I believe commoner was suppose to be 0 with fighter as 1, really it was 2^(class id - 1) with class id being defined in classes.h
Re: Class Bitmask
Posted: Fri Jul 01, 2016 1:32 pm
by Gangrenous
Hey Jabantiz, maybe you can figure this out. It appears C# enum cannot handle doing bitmask on this long of a number, as high as our class mask. What happens is when you get into the higher numbers, it rolls back into negative and then starts back over in the positive range. Even if I do the enum as long, when you try to check against the mask it is treating it as a int32. Thoughts? There are plenty of threads regarding the problem but not much of a clean resultion.
http://stackoverflow.com/questions/1060 ... -too-large
Re: Class Bitmask
Posted: Fri Jul 01, 2016 3:09 pm
by Jabantiz
For this you should be using an unsigned int64 as the numbers get so large, you want to make sure it is unsigned as the value will never be negative for us so this will essentially double the range. int64 is a "long long" in c++, I am not sure if c# has a special type or not for it though.
When you check the values I assume you are just putting in a number like "8", when you put just a number the code treats it as a signed int32, you will probably need to tell it the number is an unsigned int64 for it to be accurate that would simply be "(int64)8"

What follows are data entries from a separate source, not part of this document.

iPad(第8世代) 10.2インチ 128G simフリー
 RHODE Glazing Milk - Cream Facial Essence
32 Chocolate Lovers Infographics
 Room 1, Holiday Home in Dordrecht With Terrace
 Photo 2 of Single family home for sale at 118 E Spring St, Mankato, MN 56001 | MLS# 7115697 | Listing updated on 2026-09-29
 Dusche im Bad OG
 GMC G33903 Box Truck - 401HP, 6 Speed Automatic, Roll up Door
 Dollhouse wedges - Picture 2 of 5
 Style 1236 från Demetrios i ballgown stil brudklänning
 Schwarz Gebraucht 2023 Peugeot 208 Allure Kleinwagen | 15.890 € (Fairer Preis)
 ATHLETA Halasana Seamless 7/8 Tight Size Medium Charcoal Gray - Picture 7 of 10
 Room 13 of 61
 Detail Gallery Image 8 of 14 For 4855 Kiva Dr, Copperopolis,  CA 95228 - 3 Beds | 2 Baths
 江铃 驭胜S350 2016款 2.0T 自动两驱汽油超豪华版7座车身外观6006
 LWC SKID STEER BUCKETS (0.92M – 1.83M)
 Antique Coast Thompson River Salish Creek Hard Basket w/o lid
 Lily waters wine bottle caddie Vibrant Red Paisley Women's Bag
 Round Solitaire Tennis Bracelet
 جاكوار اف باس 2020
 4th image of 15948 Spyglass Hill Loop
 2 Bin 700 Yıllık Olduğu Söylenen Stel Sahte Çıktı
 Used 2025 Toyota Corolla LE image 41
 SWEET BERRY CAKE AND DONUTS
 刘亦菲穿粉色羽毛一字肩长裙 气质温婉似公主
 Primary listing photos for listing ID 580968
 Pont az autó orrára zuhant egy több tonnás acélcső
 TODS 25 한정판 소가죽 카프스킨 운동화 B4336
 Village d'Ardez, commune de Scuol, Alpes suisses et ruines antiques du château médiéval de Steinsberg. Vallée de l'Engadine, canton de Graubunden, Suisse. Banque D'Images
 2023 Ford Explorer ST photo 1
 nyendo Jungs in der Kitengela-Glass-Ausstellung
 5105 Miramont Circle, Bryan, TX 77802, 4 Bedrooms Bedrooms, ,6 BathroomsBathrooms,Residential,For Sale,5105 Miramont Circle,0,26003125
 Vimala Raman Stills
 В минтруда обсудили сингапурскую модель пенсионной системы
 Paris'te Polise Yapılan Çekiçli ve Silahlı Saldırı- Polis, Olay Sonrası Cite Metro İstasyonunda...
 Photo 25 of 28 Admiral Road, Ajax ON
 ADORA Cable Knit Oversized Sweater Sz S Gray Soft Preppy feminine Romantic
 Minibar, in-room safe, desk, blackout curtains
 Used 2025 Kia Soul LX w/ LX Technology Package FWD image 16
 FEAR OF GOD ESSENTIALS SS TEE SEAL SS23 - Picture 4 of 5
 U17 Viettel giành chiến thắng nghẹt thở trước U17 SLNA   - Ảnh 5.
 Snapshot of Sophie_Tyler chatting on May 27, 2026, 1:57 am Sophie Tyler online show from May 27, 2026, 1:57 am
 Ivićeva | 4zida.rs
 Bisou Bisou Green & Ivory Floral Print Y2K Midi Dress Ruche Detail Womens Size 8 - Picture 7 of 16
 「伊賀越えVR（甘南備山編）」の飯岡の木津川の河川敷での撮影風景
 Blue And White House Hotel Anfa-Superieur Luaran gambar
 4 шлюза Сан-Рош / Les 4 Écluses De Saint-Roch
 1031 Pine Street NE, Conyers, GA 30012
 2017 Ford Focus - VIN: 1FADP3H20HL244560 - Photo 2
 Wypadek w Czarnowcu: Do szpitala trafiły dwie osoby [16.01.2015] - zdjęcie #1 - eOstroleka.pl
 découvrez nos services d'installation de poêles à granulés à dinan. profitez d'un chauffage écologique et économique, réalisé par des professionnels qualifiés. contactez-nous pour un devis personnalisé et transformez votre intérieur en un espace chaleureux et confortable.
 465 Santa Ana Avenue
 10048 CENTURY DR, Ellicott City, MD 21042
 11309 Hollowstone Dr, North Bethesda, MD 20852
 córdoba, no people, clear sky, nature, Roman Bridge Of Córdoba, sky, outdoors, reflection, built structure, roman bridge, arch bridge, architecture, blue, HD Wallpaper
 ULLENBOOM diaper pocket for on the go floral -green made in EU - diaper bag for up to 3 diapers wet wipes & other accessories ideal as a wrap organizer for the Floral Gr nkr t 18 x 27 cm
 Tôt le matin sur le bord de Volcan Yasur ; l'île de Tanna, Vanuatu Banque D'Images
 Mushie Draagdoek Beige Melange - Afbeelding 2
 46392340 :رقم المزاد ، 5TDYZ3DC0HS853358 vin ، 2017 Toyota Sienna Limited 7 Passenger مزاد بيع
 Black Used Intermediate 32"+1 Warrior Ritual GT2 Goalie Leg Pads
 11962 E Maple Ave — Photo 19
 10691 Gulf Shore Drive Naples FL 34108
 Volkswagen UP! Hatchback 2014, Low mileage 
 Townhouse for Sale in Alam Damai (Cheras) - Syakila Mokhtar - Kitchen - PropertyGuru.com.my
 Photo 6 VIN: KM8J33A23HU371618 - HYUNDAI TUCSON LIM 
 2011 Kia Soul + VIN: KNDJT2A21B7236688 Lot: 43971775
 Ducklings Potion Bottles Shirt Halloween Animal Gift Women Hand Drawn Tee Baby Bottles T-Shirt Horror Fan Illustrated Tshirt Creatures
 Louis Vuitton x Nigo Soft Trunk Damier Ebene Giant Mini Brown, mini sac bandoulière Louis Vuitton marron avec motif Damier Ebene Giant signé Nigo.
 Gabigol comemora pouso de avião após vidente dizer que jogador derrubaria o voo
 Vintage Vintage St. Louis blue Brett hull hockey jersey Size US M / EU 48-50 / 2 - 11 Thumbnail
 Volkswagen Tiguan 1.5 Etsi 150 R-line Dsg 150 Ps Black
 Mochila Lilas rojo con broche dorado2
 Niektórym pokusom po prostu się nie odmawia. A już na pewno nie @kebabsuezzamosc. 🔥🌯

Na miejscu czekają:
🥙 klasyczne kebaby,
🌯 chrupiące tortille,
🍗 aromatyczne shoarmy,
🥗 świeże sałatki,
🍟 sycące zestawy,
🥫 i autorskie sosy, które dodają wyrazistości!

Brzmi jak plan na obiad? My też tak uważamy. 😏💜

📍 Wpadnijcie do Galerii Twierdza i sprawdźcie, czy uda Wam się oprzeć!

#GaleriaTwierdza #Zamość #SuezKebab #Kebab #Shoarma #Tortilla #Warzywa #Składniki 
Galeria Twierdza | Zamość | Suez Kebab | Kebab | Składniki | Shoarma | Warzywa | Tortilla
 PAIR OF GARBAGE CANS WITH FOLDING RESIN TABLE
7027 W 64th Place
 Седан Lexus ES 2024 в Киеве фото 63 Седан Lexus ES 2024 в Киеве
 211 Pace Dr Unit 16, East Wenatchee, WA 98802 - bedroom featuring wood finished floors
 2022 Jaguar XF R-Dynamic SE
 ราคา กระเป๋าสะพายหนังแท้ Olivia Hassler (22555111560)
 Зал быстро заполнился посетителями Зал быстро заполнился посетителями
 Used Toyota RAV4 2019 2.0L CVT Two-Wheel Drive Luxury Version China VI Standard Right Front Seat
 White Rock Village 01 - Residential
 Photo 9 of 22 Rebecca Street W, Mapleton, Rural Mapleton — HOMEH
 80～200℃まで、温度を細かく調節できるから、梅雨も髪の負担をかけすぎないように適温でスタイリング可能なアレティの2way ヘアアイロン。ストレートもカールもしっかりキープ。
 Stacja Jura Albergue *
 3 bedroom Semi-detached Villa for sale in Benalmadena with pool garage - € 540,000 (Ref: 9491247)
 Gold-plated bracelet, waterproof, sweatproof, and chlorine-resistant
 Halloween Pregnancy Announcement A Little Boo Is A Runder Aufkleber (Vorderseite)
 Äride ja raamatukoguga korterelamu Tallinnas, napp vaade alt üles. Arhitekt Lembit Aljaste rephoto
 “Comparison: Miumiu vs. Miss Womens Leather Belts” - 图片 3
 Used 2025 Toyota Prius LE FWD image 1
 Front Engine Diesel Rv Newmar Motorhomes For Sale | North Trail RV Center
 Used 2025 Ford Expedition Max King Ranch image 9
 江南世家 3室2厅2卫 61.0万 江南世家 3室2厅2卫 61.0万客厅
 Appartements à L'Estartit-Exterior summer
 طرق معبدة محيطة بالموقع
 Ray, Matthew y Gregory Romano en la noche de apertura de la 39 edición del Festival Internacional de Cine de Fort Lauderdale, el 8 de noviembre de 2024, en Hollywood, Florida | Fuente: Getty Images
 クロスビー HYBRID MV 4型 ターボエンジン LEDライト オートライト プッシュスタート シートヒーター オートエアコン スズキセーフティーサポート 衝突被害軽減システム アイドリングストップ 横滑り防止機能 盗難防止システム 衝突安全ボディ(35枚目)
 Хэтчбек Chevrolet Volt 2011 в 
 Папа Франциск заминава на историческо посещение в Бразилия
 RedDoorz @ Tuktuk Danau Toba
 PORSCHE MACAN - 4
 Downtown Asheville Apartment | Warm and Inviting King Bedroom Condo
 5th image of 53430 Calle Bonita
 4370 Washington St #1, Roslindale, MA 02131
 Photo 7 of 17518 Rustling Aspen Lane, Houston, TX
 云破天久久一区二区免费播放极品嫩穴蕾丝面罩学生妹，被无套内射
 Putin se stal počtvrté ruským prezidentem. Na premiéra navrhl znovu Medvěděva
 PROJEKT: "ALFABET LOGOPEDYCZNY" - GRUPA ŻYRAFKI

EDIT: Just looked up the c# type and it is long for an int64 (really wish types where the same across languages), so you will want to use ulong for an unsigned int64 and put (ulong) in front of any hardcoded numbers you are using to check values.
Re: Class Bitmask
Posted: Tue Jul 05, 2016 7:15 am
by Gangrenous
Nothing I did seemed to help, it appears enum is not designed for it. It was a much simpler solution to do it via a MySQL query, in fact it took less code and was simpler to read.